Task description | An exact restatement of the data below, with the pictures removed, is the required answer.

Data below |
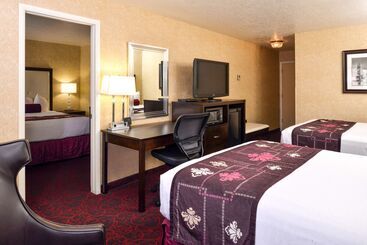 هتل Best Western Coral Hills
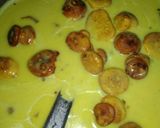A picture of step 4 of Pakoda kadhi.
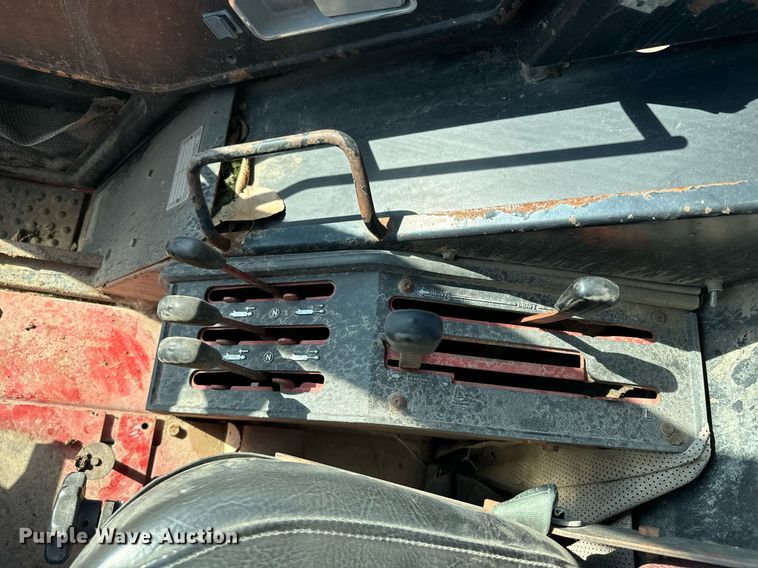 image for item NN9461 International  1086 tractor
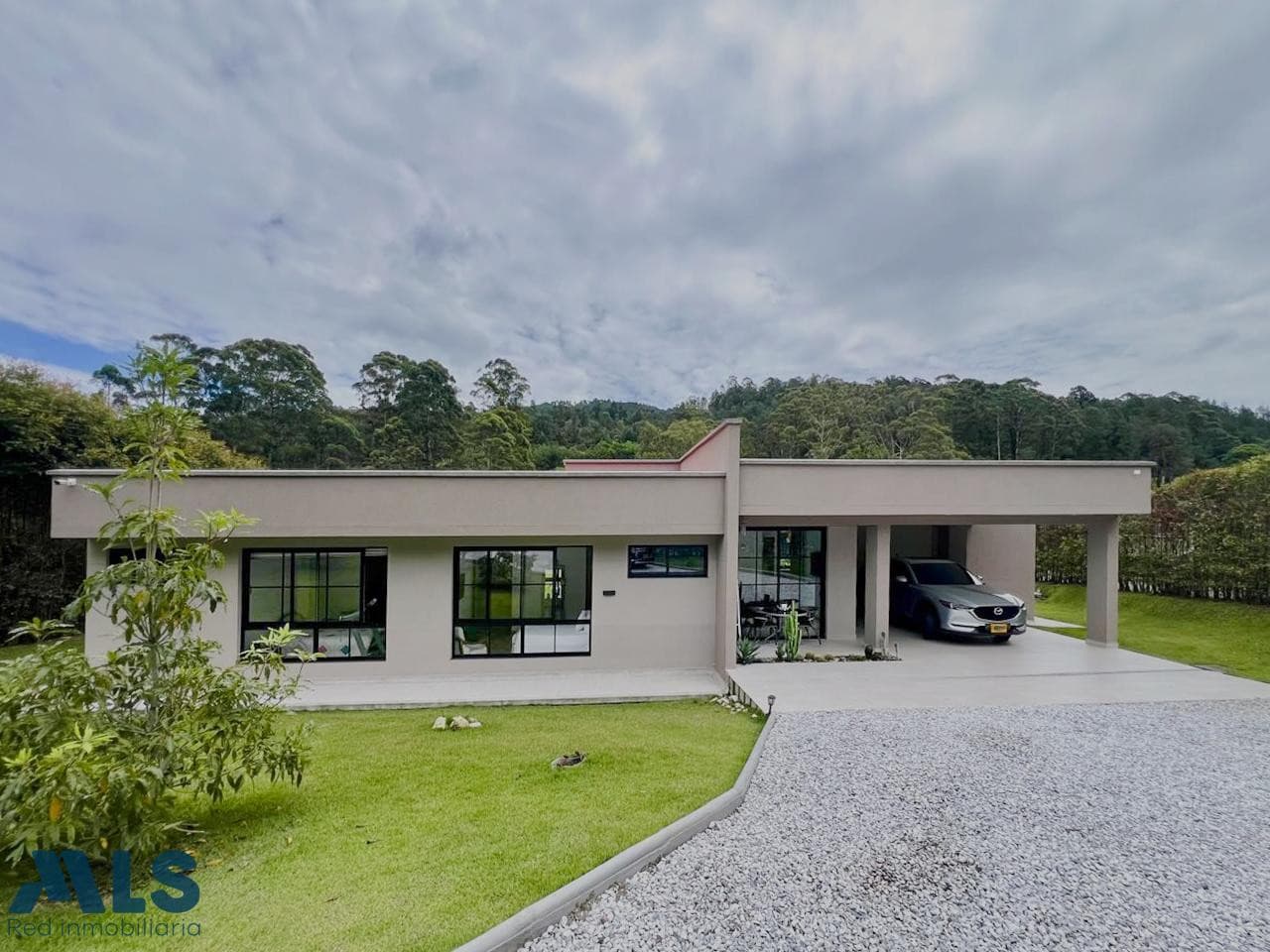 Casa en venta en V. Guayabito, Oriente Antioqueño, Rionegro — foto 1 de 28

Your solution |
 هتل Best Western Coral Hills
A picture of step 4 of Pakoda kadhi.
 image for item NN9461 International  1086 tractor
 Casa en venta en V. Guayabito, Oriente Antioqueño, Rionegro — foto 1 de 28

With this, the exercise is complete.